Fig. 2.

Fragmentation behavior for dda-, dia- and synchro-PASEF.A, comparing fragment signals of dda-, dia- and synchro-PASEF. A tryptic digest of HeLa cells was measured in a 21 min gradient. The same frame numbers as in Figure 1B are shown but collision energy was applied. Left panel, fragmentation spectra of 15 precursors marked with their isolation windows in dda-PASEF. Middle panel, isolation windows and continuous fragment acquisition in dia-PASEF. There are no fragments at the transition point and at the precursor low mobility regions. Right panel, the isolation window of the third synchro-PASEF scan is shown. Note the uniform fragment distribution in the entire m/z – ion mobility plane.
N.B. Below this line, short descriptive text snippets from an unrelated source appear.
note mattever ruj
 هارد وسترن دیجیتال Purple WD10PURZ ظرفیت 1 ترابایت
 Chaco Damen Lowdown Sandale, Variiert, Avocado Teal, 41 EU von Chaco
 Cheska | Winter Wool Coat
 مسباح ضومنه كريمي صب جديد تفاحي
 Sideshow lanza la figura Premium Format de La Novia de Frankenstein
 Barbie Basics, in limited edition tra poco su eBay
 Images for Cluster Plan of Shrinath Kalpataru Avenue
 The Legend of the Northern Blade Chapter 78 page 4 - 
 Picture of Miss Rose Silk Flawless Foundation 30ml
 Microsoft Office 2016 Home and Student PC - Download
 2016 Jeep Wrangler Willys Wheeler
B, conversion efficiency to fragments for the three scan modes illustrated with the fragment intensities of GLAGVENVTELK (phosphorylase b) and SISIVGSYVGNR (ADH) co-eluting at a retention time of 10.35 to 10.55 min and an ion mobility of 0.93 to 0.955 V cm⁻². In DDA mode, the eluting peptides were fragmented three times in this low complexity mixture. Synchro-PASEF sampled the peptide many more times than dia-PASEF due to shorter cycle times. C, summed intensities for the fragment signals of the two peptides in (B). ADH, alcohol dehydrogenase; DDA, data-dependent acquisition; DIA, data-independent acquisition; PASEF, parallel accumulation—serial fragmentation.